● **THE PROBLEM**
The records are to be repeated in full. Every line must match.

Dataset items:
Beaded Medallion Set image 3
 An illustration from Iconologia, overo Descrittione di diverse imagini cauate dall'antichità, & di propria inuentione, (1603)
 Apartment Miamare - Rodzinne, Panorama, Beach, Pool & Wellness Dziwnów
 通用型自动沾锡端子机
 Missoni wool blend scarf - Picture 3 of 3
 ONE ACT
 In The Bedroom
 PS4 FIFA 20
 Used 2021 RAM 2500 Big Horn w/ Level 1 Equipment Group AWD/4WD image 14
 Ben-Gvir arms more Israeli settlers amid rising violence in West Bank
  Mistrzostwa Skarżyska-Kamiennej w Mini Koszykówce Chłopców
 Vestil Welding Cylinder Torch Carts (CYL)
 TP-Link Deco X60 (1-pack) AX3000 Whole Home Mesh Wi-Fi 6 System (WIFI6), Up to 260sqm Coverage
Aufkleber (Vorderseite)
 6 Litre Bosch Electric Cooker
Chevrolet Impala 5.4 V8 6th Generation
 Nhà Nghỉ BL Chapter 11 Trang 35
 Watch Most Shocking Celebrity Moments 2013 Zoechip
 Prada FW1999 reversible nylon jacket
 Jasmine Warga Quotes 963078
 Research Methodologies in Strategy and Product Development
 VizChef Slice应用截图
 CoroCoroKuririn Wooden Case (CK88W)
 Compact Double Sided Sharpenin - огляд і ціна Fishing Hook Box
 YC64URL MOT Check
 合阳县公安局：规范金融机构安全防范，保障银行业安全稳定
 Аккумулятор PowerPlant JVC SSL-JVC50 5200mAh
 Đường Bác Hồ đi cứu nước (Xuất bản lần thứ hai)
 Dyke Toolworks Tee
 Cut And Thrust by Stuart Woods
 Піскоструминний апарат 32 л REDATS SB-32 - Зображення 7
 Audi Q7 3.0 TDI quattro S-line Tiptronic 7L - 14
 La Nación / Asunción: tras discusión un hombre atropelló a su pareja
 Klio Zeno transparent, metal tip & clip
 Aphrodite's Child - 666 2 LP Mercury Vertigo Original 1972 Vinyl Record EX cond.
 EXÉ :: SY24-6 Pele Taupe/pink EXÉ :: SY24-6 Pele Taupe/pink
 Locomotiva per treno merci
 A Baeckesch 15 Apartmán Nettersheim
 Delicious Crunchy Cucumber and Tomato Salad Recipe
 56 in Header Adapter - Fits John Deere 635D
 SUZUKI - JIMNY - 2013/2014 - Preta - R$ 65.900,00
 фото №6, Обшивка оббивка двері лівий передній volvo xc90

● **ANSWER BOX**
Beaded Medallion Set image 3
 An illustration from Iconologia, overo Descrittione di diverse imagini cauate dall'antichità, & di propria inuentione, (1603)
 Apartment Miamare - Rodzinne, Panorama, Beach, Pool & Wellness Dziwnów
 通用型自动沾锡端子机
 Missoni wool blend scarf - Picture 3 of 3
 ONE ACT
 In The Bedroom
 PS4 FIFA 20
 Used 2021 RAM 2500 Big Horn w/ Level 1 Equipment Group AWD/4WD image 14
 Ben-Gvir arms more Israeli settlers amid rising violence in West Bank
  Mistrzostwa Skarżyska-Kamiennej w Mini Koszykówce Chłopców
 Vestil Welding Cylinder Torch Carts (CYL)
 TP-Link Deco X60 (1-pack) AX3000 Whole Home Mesh Wi-Fi 6 System (WIFI6), Up to 260sqm Coverage
Aufkleber (Vorderseite)
 6 Litre Bosch Electric Cooker
Chevrolet Impala 5.4 V8 6th Generation
 Nhà Nghỉ BL Chapter 11 Trang 35
 Watch Most Shocking Celebrity Moments 2013 Zoechip
 Prada FW1999 reversible nylon jacket
 Jasmine Warga Quotes 963078
 Research Methodologies in Strategy and Product Development
 VizChef Slice应用截图
 CoroCoroKuririn Wooden Case (CK88W)
 Compact Double Sided Sharpenin - огляд і ціна Fishing Hook Box
 YC64URL MOT Check
 合阳县公安局：规范金融机构安全防范，保障银行业安全稳定
 Аккумулятор PowerPlant JVC SSL-JVC50 5200mAh
 Đường Bác Hồ đi cứu nước (Xuất bản lần thứ hai)
 Dyke Toolworks Tee
 Cut And Thrust by Stuart Woods
 Піскоструминний апарат 32 л REDATS SB-32 - Зображення 7
 Audi Q7 3.0 TDI quattro S-line Tiptronic 7L - 14
 La Nación / Asunción: tras discusión un hombre atropelló a su pareja
 Klio Zeno transparent, metal tip & clip
 Aphrodite's Child - 666 2 LP Mercury Vertigo Original 1972 Vinyl Record EX cond.
 EXÉ :: SY24-6 Pele Taupe/pink EXÉ :: SY24-6 Pele Taupe/pink
 Locomotiva per treno merci
 A Baeckesch 15 Apartmán Nettersheim
 Delicious Crunchy Cucumber and Tomato Salad Recipe
 56 in Header Adapter - Fits John Deere 635D
 SUZUKI - JIMNY - 2013/2014 - Preta - R$ 65.900,00
 фото №6, Обшивка оббивка двері лівий передній volvo xc90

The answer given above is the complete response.